Captioned web images

- Opening Delimiter -

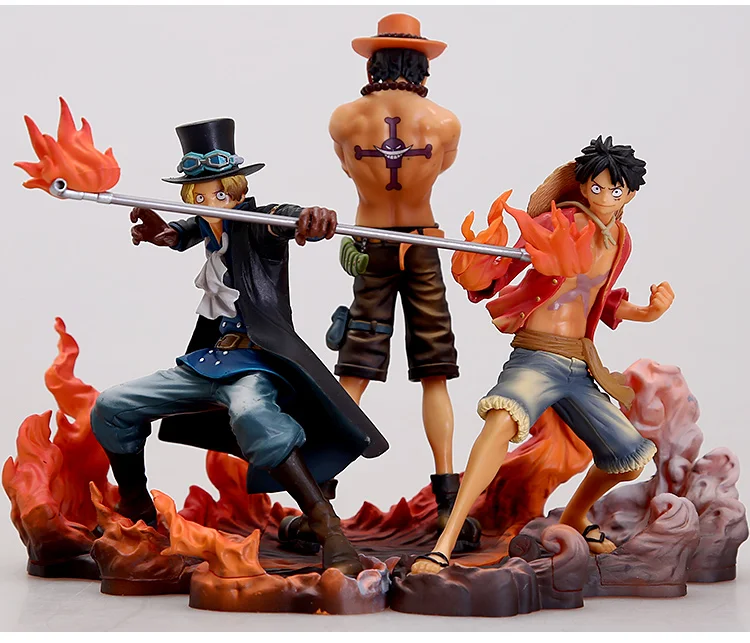 3X ONE PIECE Portgas·D Ace Monkey D Luffy Sabo Anime Figurine Figure Figuras Toy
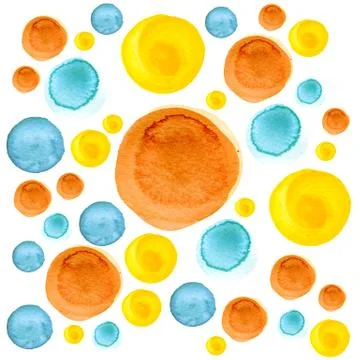 Watercolor circle texture. Round elements for design. Colored circles hand drawn Illustrazione stock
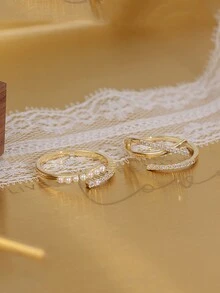 Bộ 2 chiếc nhẫn hở hình học giao nhau hai lớp đính đá Rhinestone sang trọng không đối xứng - Vàng - Xem 2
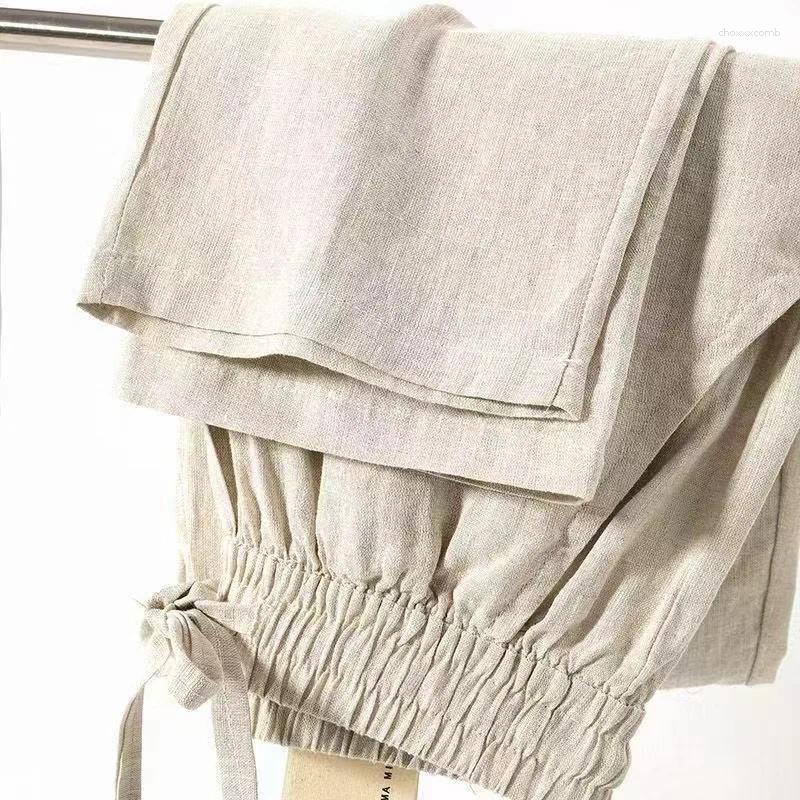 Men&#039;s Pants Cotton Linen Long Summer Solid Color Breathable Trousers Male Casual Elastic Waist Harajuku Trous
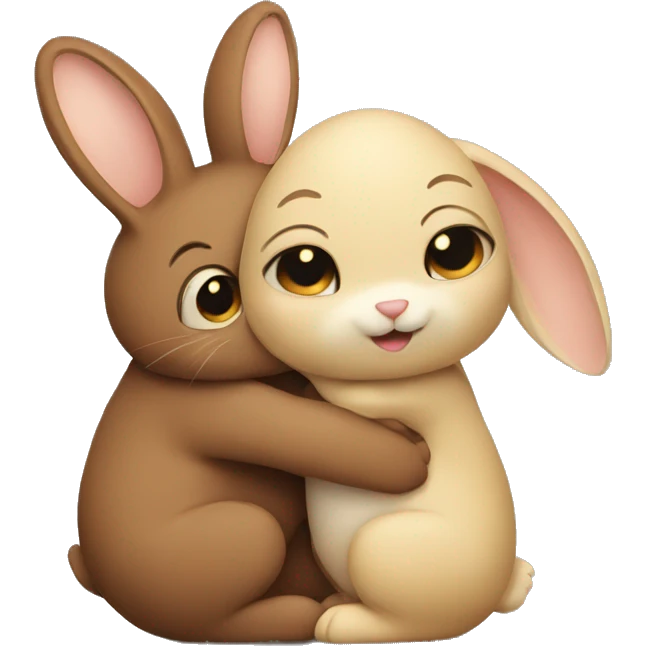 Brown bunny hugging beige bunny emoji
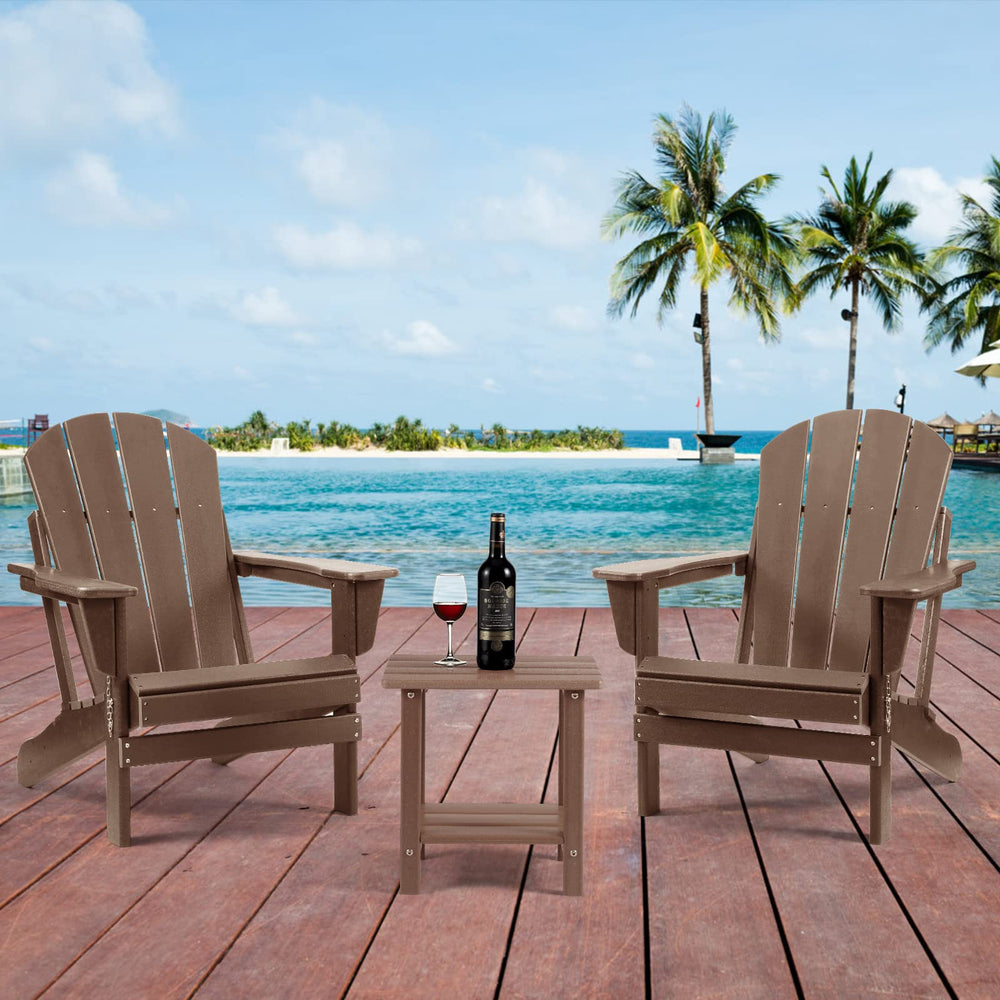 Apolimi side table used in a patio setting with drinks and a book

- Closing Delimiter -

EXERCISE:
Each line from the line containing "Men&#039;s Pants Cotton" through the last line above must be written out exactly, and every picture must be omitted.

OUTPUT:
 Men&#039;s Pants Cotton Linen Long Summer Solid Color Breathable Trousers Male Casual Elastic Waist Harajuku Trous
 Brown bunny hugging beige bunny emoji
 Apolimi side table used in a patio setting with drinks and a book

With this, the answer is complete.